This is partly academic, as for my purposes I only need it rounded to two decimal places; but I am keen to know what is going on to produce two slightly different results.
This is the test that I wrote to narrow it to the simplest implementation:
#Test
public void shouldEqual() {
double expected = 450.00d / (7d * 60); // 1.0714285714285714
double actual = 450.00d / 7d / 60; // 1.0714285714285716
assertThat(actual).isEqualTo(expected);
}
But it fails with this output:
org.junit.ComparisonFailure:
Expected :1.0714285714285714
Actual :1.0714285714285716
Can anyone explain in detail what is going on under the hood to result in the value at 1.000000000000000X being different?
Some of the points I'm looking for in an answer are:
Where is the precision lost?
Which method is preferred, and why?
Which is actually correct? (In pure maths, both can't be right. Perhaps both are wrong?)
Is there a better solution or method for these arithmetic operations?

I see a bunch of questions that tell you how to work around this problem, but not one that really explains what's going on, other than "floating-point roundoff error is bad, m'kay?" So let me take a shot at it. Let me first point out that nothing in this answer is specific to Java. Roundoff error is a problem inherent to any fixed-precision representation of numbers, so you get the same issues in, say, C.
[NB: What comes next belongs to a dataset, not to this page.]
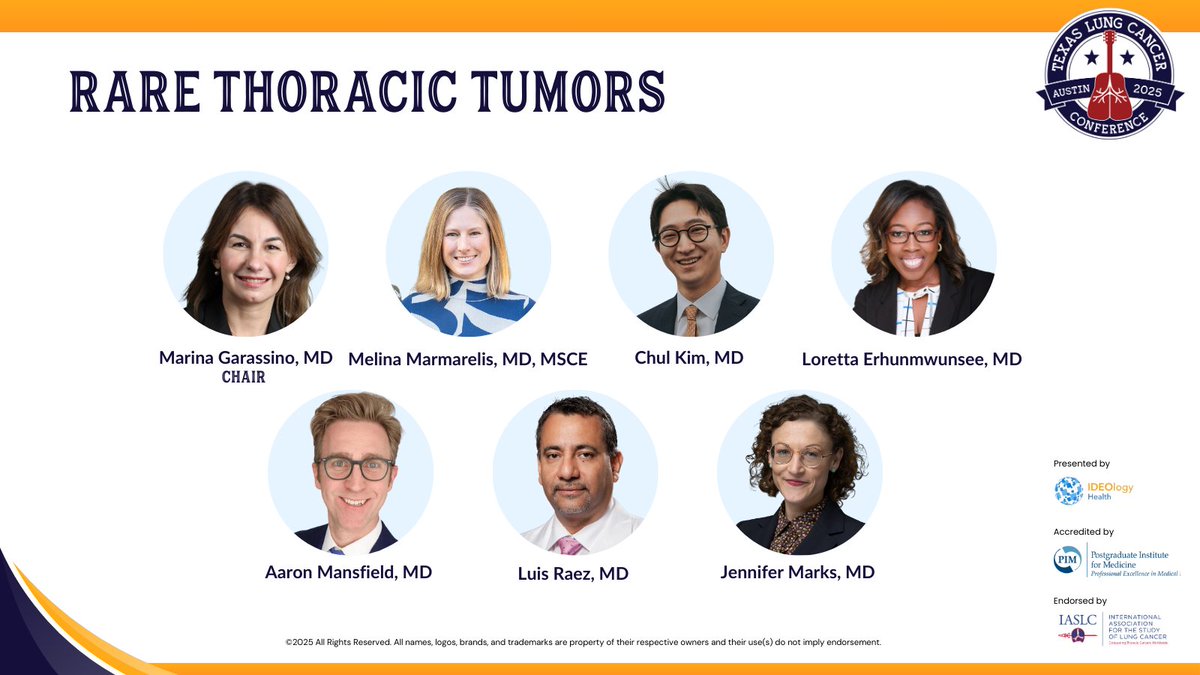 TLC Conference (@tlcconference) on Twitter photo Session 4 at #TexasLung25 starts at 1:15 PM. Join Drs. <a href="/marinagarassino/">Marina Garassino</a>, <a href="/MMarmarelis/">Melina Marmarelis</a>, <a href="/chulkimMD/">Chul Kim</a>, <a href="/LorettaEMD/">Loretta Erhunmwunsee, MD, FACS</a>, <a href="/AMansfieldMD/">Aaron Mansfield</a>, <a href="/LuisRaezMD/">Dr. Luis E. Raez</a>, and <a href="/jennifermarksmd/">Jennifer A. Marks, MD</a> as they discuss rare thoracic tumors. hubs.la/Q03g5PQZ0 Session 4 at #TexasLung25 starts at 1:15 PM. Join Drs. <a href="/marinagarassino/">Marina Garassino</a>, <a href="/MMarmarelis/">Melina Marmarelis</a>, <a href="/chulkimMD/">Chul Kim</a>, <a href="/LorettaEMD/">Loretta Erhunmwunsee, MD, FACS</a>, <a href="/AMansfieldMD/">Aaron Mansfield</a>, <a href="/LuisRaezMD/">Dr. Luis E. Raez</a>, and <a href="/jennifermarksmd/">Jennifer A. Marks, MD</a> as they discuss rare thoracic tumors. hubs.la/Q03g5PQZ0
Roundoff error in a decimal data type
As a simplified example, imagine we have some sort of computer that natively uses an unsigned decimal data type, let's call it float6d. The length of the data type is 6 digits: 4 dedicated to the mantissa, and 2 dedicated to the exponent. For example, the number 3.142 can be expressed as
3.142 x 10^0
which would be stored in 6 digits as
503142
The first two digits are the exponent plus 50, and the last four are the mantissa. This data type can represent any number from 0.001 x 10^-50 to 9.999 x 10^+49.
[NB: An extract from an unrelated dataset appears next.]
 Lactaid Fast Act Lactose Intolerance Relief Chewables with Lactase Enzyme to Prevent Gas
Actually, that's not true. It can't store any number. What if you want to represent 3.141592? Or 3.1412034? Or 3.141488906? Tough luck, the data type can't store more than four digits of precision, so the compiler has to round anything with more digits to fit into the constraints of the data type. If you write
float6d x = 3.141592;
float6d y = 3.1412034;
float6d z = 3.141488906;
then the compiler converts each of these three values to the same internal representation, 3.142 x 10^0 (which, remember, is stored as 503142), so that x == y == z will hold true.
The point is that there is a whole range of real numbers which all map to the same underlying sequence of digits (or bits, in a real computer). Specifically, any x satisfying 3.1415 <= x <= 3.1425 (assuming half-even rounding) gets converted to the representation 503142 for storage in memory.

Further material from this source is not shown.